The troupe returns to the Robert Studio March 4 through 26 to present the Boston premiere of Nilo Cruz’s 2003 Pulitzer Prize–winning play Anna in the Tropics. American Repertory Theatre/Moscow Art Theater Institute grad Daniel Jáquez directs the lyrical work, which is set in a Cuban-American cigar factory in Florida in 1929 and revolves around the reading aloud by a "lector" of Anna Karenina, the passions of which get filtered into the air.

Scoring its final coup for the season, SpeakEasy joins forces with Boston Theater Works to present the Boston premiere of Richard Greenberg’s 2003 Tony Award winner, Take Me Out, which chronicles events that follow the announcement by a Major League baseball megastar that he’s gay. Daigneault will also direct that one, which has been pronounced by the New York Times an "enchanting and enchanted take on baseball." It goes up soon after the Red Sox do, April 29 through June 4 in the Roberts. In such an intimate venue, the locker-room shower scenes should sell a few tickets.

— Carolyn Clay

"Masters of American Performance"

"Uniquely American art forms are created by dedicated pioneers. The Cutler Majestic Theatre at Emerson College will present "The Master Series of American Performance" — four events celebrating the American masters who have shaped our lives." We stopped to think. Eugene O’Neill? Tennessee Williams? Edward Albee? More like the masters of comedy and popular music. The series opens with Frank Ferrante in Groucho: A Life In Revue, the "musical entertainment" by Arthur Marx and Robert Fisher that played at Stoneham Theatre this past season, with Gabe Kaplan as Groucho. In this version, original New York and London star Ferrante will be joined by Roy Abramsohn as Harpo and Chico Marx and Marguerite Lowell as "the women in the Marxes’ lives." (And here we thought Margaret Dumont had their affections all to herself.) We’re promised "You Bet Your Life, horns honking, eyebrows raising, piano key shooting, harp strumming and chorus girls dancing"; we’re also told that "the Marx Brothers themselves played at the Cutler Majestic in Animal Crackers." Performances are October 20 at 7 p.m., October 21 through 23 at 7:30 p.m., and October 24 at 2 p.m.; tickets range from $15 to $65.
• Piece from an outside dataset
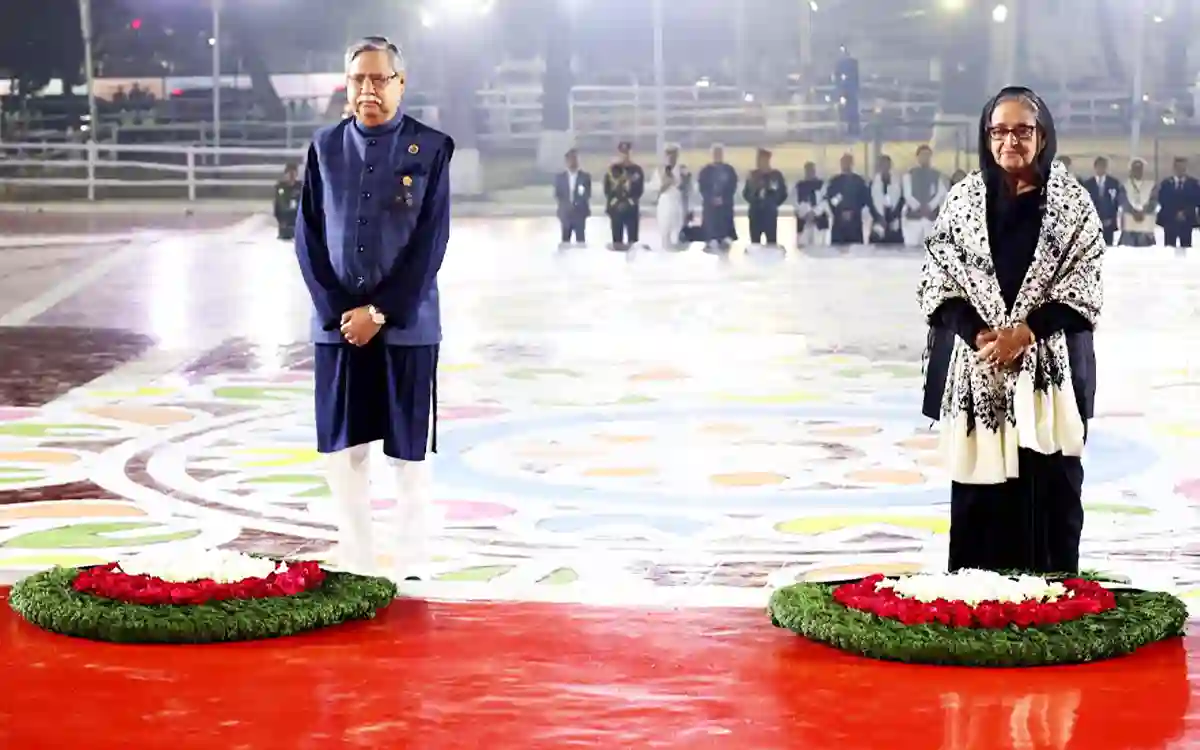 President and Prime Minister paid tributes to language martyrs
December brings Christmas from Dublin Starring The Three Irish Tenors, who, not to be confused with the Irish Tenors, are identified as "Ciaran Nagle from Riverdance, Anthony Norton from La Scala Milan, and Paul Byrom, the John McCormick Tenor of the Year 2001." Where is the "American Master"? It’s certainly not special guest Jacqueline Whelan, who, we’re told, is "one of Ireland’s most recognized sopranos, who will accompany herself on the traditional Irish harp." The performance will be "filled with songs of the season such as ‘The Little Drummer Boy,’ ‘Adeste Fideles,’ ‘Silent Night,’ ‘Saviour's Day,’ and ‘O Holy Night.’ " Maybe one of those was written by an "American Master." Whatever, they’ll be here December 1 at 7 p.m. and December 2 through 4 at 7:30 p.m., and tickets are $20 to $65.

In February, it’s The Magic of Motown "featuring the Supremes with Mary Wilson and the Temptations Review with Dennis Edwards." No argument about these groups’ contribution to American popular music. "Original members" of these bands still tour together, we’re told, "performing over 100 shows each year." We just hope that, 40 years later, there’s still some magic left when the show rolls into the Majestic February 26 at 7:30 p.m. and February 27 at 2 p.m. Tickets are $45 to $75.

Finally, there’s This Land Is Your Land: An American Song Book, with the Kingston Trio, the Brothers Four, and Glenn Yarbrough and the Folk Reunion (no word on what original members are left) performing the likes of "Greenfields," "If I Had A Hammer," "Where Have All the Flowers Gone?", "There’s a Meetin’ Here Tonight," "Tom Dooley," "Try To Remember," "Charlie on the MTA," and "This Land Is Your Land!" Performances are April 2 at 4 p.m. and 8 p.m. and April 3 at 4 p.m.; tickets are $45 to $68.50.